例えばホームズの誕生日である。事件簿中には全く明記されておらず、1854年生れであることを示唆する記述が散見されるのみであり、日付はいずれも推測の域を出ていない。その中で有力とされるものに1月6日説がある。これはある有名シャーロキアンが自分の誕生日をホームズの誕生日に仕立てるため、文学オンチのホームズがシェイクスピアの十二夜のセリフを2回も口にしていることに注目し、これは十二夜である1月6日が誕生日であるからだとの頓智の説を提唱したことによる。ここで困るのは、事件簿中に他の日であると指し示す根拠も、この日ではないとする記述もないことである。だから「まあこんな説もあるからいいっか」とばかり、ロンドンホームズ協会ではこの日に国会議事堂で新年会を開き、関西支部では昭和最後の年に大阪でホームズ先生お誕生会を開いた。故南谷樹一郎氏は、バイオリズムを手掛かりにして1854年5月15日説を提唱している。大川一夫氏は5月22日説、南浦和うらら氏は10月30日説である。しかし主流は1月6日説であった。ところが十二夜は1月6日よりも1月5日とする方がふさわしいとする本が出た。ノーベル賞の本庶博士は「教科書に書いてあることでも自分で確認するまでは信じない」と言っておられるが、シャーロキアンはどこかの本、誰かの説に出ているとそのまま孫引きしてしまうクセがあるのかも知れない。どの本に何が書いてあるかを知っていることは、物識りには違いないが、本庶博士なら「内容を確認していない教科書」である。

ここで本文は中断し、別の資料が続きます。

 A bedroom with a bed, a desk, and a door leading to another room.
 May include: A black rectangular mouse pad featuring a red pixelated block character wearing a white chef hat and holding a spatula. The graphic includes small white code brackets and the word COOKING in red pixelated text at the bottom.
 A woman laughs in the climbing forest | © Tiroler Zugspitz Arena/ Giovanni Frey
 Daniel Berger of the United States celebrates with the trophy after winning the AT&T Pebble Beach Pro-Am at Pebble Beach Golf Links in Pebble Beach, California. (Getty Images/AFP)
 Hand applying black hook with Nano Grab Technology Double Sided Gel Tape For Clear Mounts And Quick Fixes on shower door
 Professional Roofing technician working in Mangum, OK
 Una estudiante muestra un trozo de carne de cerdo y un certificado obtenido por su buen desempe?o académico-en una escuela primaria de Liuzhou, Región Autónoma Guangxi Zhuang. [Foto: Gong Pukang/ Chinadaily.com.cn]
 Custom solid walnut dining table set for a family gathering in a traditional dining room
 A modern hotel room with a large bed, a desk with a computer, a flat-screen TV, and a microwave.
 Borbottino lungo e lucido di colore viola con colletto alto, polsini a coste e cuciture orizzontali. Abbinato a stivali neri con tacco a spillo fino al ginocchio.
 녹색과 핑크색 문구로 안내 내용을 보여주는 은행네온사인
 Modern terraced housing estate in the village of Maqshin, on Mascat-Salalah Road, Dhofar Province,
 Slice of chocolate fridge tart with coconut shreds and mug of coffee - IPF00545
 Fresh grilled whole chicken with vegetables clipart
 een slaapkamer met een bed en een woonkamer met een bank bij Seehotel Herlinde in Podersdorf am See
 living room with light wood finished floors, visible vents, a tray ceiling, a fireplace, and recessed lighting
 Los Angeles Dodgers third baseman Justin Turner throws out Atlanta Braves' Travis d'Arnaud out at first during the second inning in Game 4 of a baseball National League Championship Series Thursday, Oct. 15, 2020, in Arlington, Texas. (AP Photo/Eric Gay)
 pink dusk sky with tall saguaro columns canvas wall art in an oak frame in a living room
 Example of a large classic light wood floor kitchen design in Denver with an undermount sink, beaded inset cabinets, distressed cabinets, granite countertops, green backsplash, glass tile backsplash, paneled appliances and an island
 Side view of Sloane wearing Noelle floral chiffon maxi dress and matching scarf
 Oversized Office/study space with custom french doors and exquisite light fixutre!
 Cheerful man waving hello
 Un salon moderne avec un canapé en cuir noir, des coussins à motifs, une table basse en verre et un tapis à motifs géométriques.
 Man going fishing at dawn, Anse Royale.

また小林・東山訳の全集では、ジプシーは差別語なのでロマと訳しているが、やはりものの本によればこれは思い過ごしのようである。また小林・東山訳全集でも日暮訳全集でも《青い紅玉》の原題のカーバンクルの訳をガーネットに変更した。延原謙訳は「青い紅玉」であったが、これを延原展氏の改訳で「青いガーネット」に変更した。これにならったのかも知れない。これも識者の本によればむしろガーネットと約するのは不適切、むしろカーバンクルのままの方が正当のようである。同じく宝石で発見した守衛のウィルソンについて、221Bでは守衛を雇っておらず、「守衛」を「傭兵軍人組合の組合員」と苦肉の訳に改めた。しかしよく調べると、すぐ隣に高級品を扱う店が並ぶ商業施設があり、守衛が勤務していたようで、「守衛」で一向に不思議はない。もう一押し検証が足りなかったようである。

 これが、ホームズのことは一番知っているはずのJSHC会員が研究して指摘したのではないのが残念である。文献の孫引きではなく本庶博士とまではいかなくてもよく調べて自分のアタマで考えることがホームズ研究に必要であろう。